Given data:
-*-

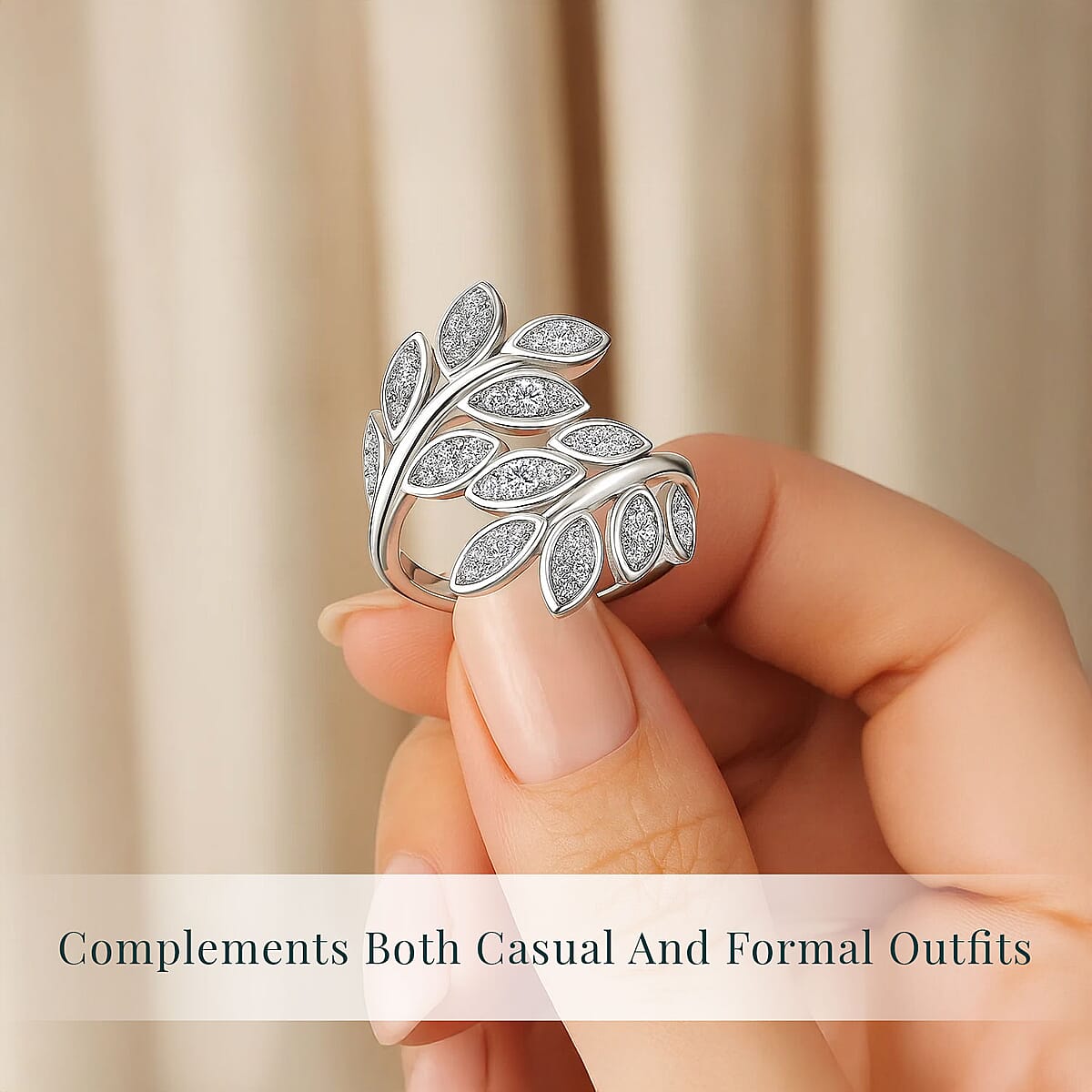 Luxuriant Lab Grown Diamond G-H SI 0.50 ctw Leaf Bypass Ring in Rhodium Over Sterling Silver (Size 7.0)  image number 5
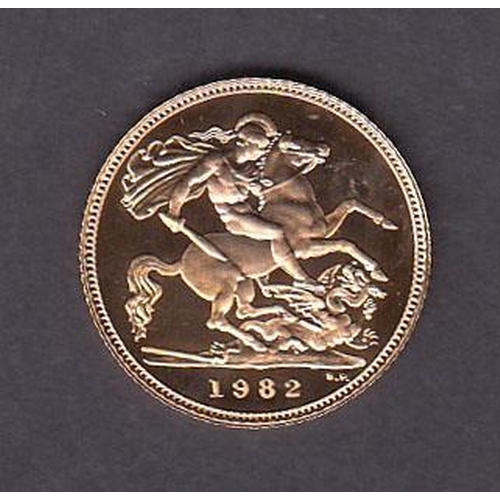 32 - UK 1982 gold proof half Sovereign, boxed with CoA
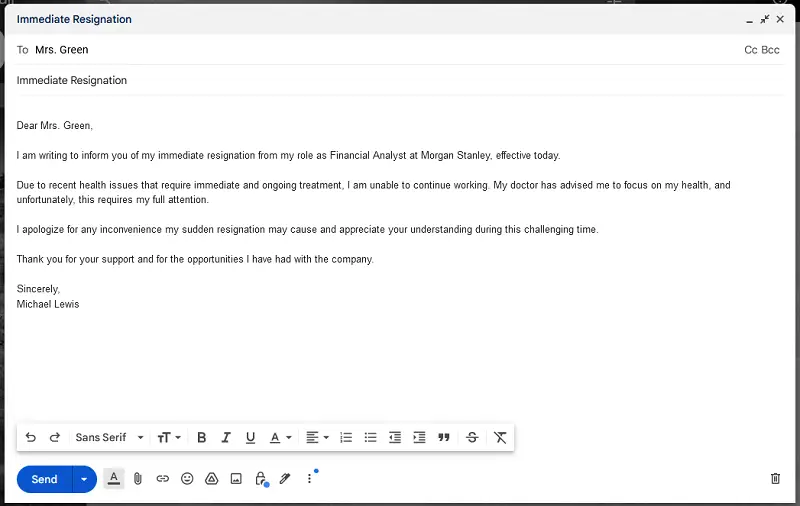 Example of an immediate resignation letter because of health issues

-*-

Repeat every line of the data exactly, but do not include pictures.

Task solution:
 Luxuriant Lab Grown Diamond G-H SI 0.50 ctw Leaf Bypass Ring in Rhodium Over Sterling Silver (Size 7.0)  image number 5
 32 - UK 1982 gold proof half Sovereign, boxed with CoA
 Example of an immediate resignation letter because of health issues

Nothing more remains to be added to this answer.